Comments on Diary of a Graphics Programmer: Calculating Screen-Space Texture Coordinates for the 2D Projection of a Volume

Oh and I am sure you know, that consoles provide a...

2008-09-10T16:34:00.000-07:00

Oh and I am sure you know, that consoles provide a render state (ones that are D3D9 based anyway) to turn off this annoying half pixel thing.

Hi Wolfgang,The "w" divide is done automatically i...

2008-09-10T16:09:00.000-07:00

Hi Wolfgang,

The "w" divide is done automatically in the texture2DProj call. I believe the D3D version is called tex2Dproj.

Sorry I just re-read that comment and realized non...

2008-09-10T15:33:00.000-07:00

Sorry I just re-read that comment and realized none of those thoughts were really complete. I was distracted.
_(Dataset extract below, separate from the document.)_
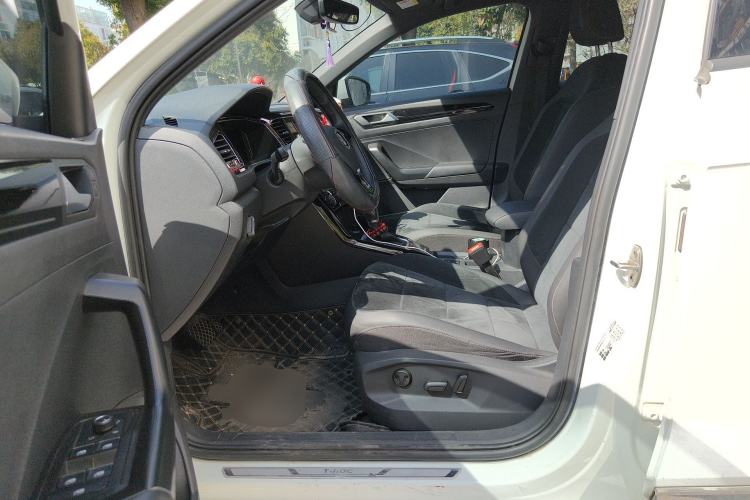 Used Volkswagen T-ROC 2019 280TSI DSG Two-Wheel-Drive Luxury Model China VI Standard Left Front Seat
For the g-buffer I am storing world space normals using spherical coordinates. For the 8:8:8:8 target case, if you store the normal.xy and reconstruct z, you need to know the sign of z, since it's really +/-sqrt(1 - normal.xy *normal.xy). So before I switched to spherical storage, I had to store stuff like this:
8:8:8:8
normal.xy_8_8|sign(z)_1|depthHi_7|depthLo_8

This added unpack time to retrieving the depth value, and the normal value. It also only gave me 15 bits to store depth, instead of 16. Switching to spherical coordinates got me back that bit, and removed another op from getting the depth value.
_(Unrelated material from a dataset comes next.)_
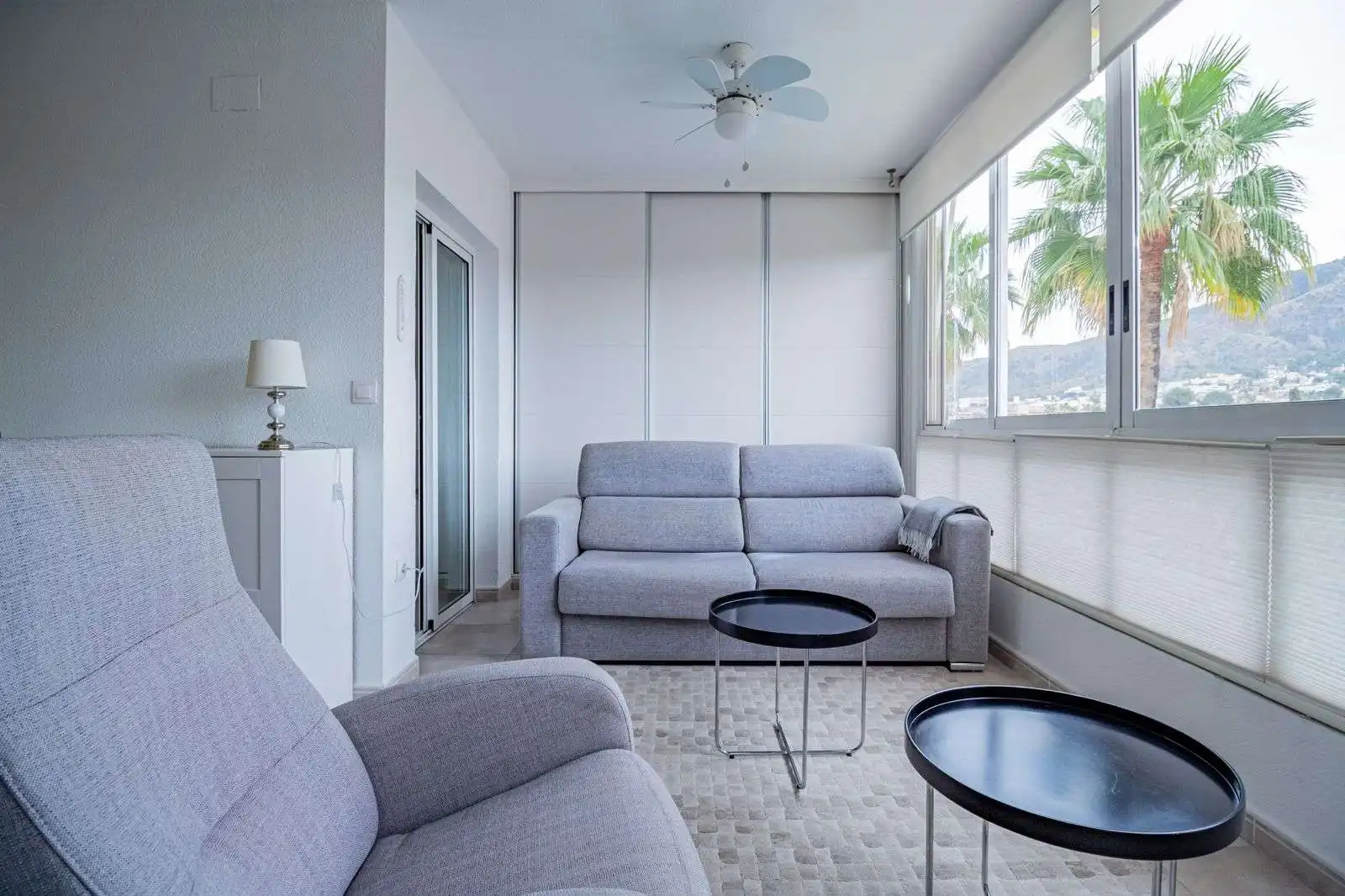 Sala d'estar de Apartament per a compartir en L'Alfàs del Pi amb Aire condicionat, Terrassa i Moblat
The actual format for the spherical is generated like this:
inline float2 cartesianToSpGPU( in float3 normalizedVec )
{
float atanYX = atan2( normalizedVec.y, normalizedVec.x );
float2 ret = float2( atanYX / PI, normalizedVec.z );

return (ret + 1.0) * 0.5;
}

and retrieved like this:
inline float3 spGPUToCartesian( in float2 spGPUAngles )
{
float2 expSpGPUAngles = spGPUAngles * 2.0 - 1.0;
float2 scTheta;

sincos( expSpGPUAngles.x * PI, scTheta.x, scTheta.y );
float2 scPhi = float2( sqrt( 1.0 - expSpGPUAngles.y * expSpGPUAngles.y ), expSpGPUAngles.y );

// Renormalization not needed
return float3( scTheta.y * scPhi.x, scTheta.x * scPhi.x, scPhi.y );
}

It is slightly more expensive to re-construct than the cartesian, but I think (this may not be true) that because the light shaders use the surface normal last, the GPU can do the work whenever it has time.
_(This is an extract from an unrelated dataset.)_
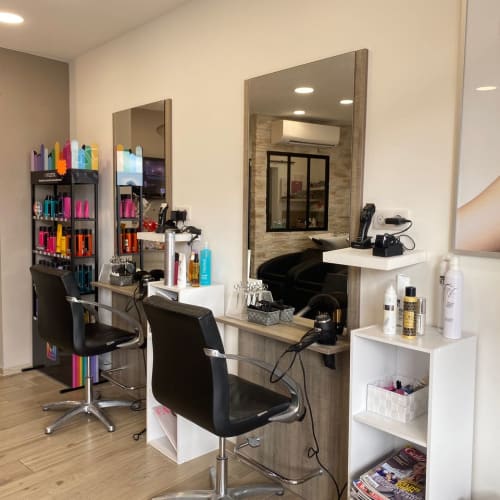 Salon de Coiffure Sabrina - Atelier de Léa - Sourcils & cils Grasse - Salon de Coiffure Sabrina - Atelier de Léa - Photo Galerie - OneBooking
On lower end cards, the atan2 and sincos functions take longer. Some of the ATI boards with the unified shaders assign 4 shader cores which can't do trancendental functions, and 1 which can per ALU. NVidia cards have 4 cores per ALU, and each can do all ops. I encoded sincos and atan2 into A8 lookup textures for that case, and it works better.

Wolfgang,(Pat Wilson from GarageGames)It doesn't r...

2008-09-10T15:04:00.000-07:00

Wolfgang,
(Pat Wilson from GarageGames)

It doesn't require a dedicated depth buffer. I am using these formats for g-buffers:

8:8:8:8
normal.theta|normal.phi|depthHi|depthLo

16:16:16:16
normal.theta|normal.phi|foo|depth

The reason I chose this method for world space reconstruction is because it is very cheap, requiring only 1 mad in the case of a FS quad.

The z-data that is stored is also very good because it is linear, and it is in the range 0..1 where 1 is zFar in camera space. I like integer formats over FP16 formats for the G-buffer because I can control the ranges of the data.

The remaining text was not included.